Ob in einer Lernkultur eine Wunsch- oder Antworthaltung gepflegt wird, hängt auch vom Lehr- und Lernverständnis der Lehrperson ab. Dieses Verständnis zeigt sich in den konkreten Lehrhandlungen. Wenn der Unterricht zum größten Teil von Referaten und PowerPoint-Präsentationen geprägt ist, dann könnte das Lernverständnis dahinter sein, dass die Lernenden vor allem übers Zuhören und mit Visualisierungen lernen. Das ist das »Oberkellner-Syndrom«:[6] Die Lehrperson serviert den Lernenden alles auf dem Silbertablett. Damit wird die Wunschhaltung gefördert. Ein Lernverständnis hingegen, das auf der Überzeugung fußt, Lernen geschehe vor allem aktiv und selbsttätig, zeigt sich in der Schulstube an Methoden und Sozialformen, in denen die Lernenden im Mittelpunkt stehen. Damit wird die Antworthaltung wesentlich mehr gefördert.

Die Reflexion zum Lehr- und Lernverständnis ist daher sehr wichtig. Damit sich die Lernenden auf den Unterrichtsstil der Lehrperson besser einstellen können, soll dieser offen deklariert werden. Noch besser ist es, mit den Lernenden eine biografische Reflexion zu ihren Lernerfahrungen zu machen.[7] Damit können sie ihre ganz spezifischen und in der Regel vagen Erwartungen an die Lehrperson in ihr Bewusstsein heben, womit eine Grundlage für Veränderungen geschaffen wird. Im Dialog zwischen Lehrperson und Lernenden kann dann eine Vereinbarung zur Lernkultur im Unterricht getroffen werden.

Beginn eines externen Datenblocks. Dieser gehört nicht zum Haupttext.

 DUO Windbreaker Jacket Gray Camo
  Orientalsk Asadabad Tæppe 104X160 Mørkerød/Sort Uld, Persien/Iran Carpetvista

Wenn die Lehrperson ein Lernverständnis hat, in dem Eigenaktivität der Lernenden eine große Rolle spielt, sie es dann aber mit Lernenden zu tun hat, die sich eine eher passive Lernkultur gewohnt sind, lohnt sich das Gespräch über die Lernkultur erst recht. Sonst muss mit Widerstand gerechnet werden.

Die Lernenden können nicht zu einer Haltung verpflichtet werden. Am Ende braucht es einen in Freiheit getroffenen Entscheid. Die Lehrperson kann mit den Lernenden in einen Dialog treten und die eigene Haltung offenlegen. Dann gilt es, darauf zu vertrauen, dass die Lernenden auf das Gesprächsangebot einsteigen und dass bewusst eine gemeinsame Lernkultur entwickelt werden kann.